Right. It'd love to see BC companies do well and then die off, so that we get
reforms in banking without the unnecessary cruft of an intermediate currency
intended for nothing except standing in-between fiat transactions. OR the
inherent risk to consumers which comes with lack of regulation.

> The real benefit is time of transfer.

To what extent does this benefit come from not being subject to regulation?
(edit: not rhetorical; I've no idea)

> If you'd like a payroll run to arrive in employee accounts on a Friday, it
> must be initiated almost a week prior.

But the check still arrives on Friday, so the benefit is really to the
business rather than the employee.

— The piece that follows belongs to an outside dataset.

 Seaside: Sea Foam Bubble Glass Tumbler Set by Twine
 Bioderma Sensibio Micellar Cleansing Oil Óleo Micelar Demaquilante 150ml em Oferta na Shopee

This negates the employee-centric benefits
you mention in the next paragraph (pay day loans, credit cards, etc.)

That is, unless the business is giving advances on payroll. But I think that's
something companies don't do for reasons unrelated to choice of currency and
transfer time. ( _edit_ : I suppose another alternative is that you could pay
your employees more often because the process is cheaper and faster. That
would be a big win. But I think other cash flows would in some cases prevent
this from happening unless everything is done in BTC.)

 _edit_ : Die off is a bit harsh? I don't want fiat->btc->fiat because it's
just silly, but of course if btc causes reforms in the banking industry I
sincerely hope btc companies make a huge amount of money in the process :-)

 _edit2_ : Also, thanks for the link!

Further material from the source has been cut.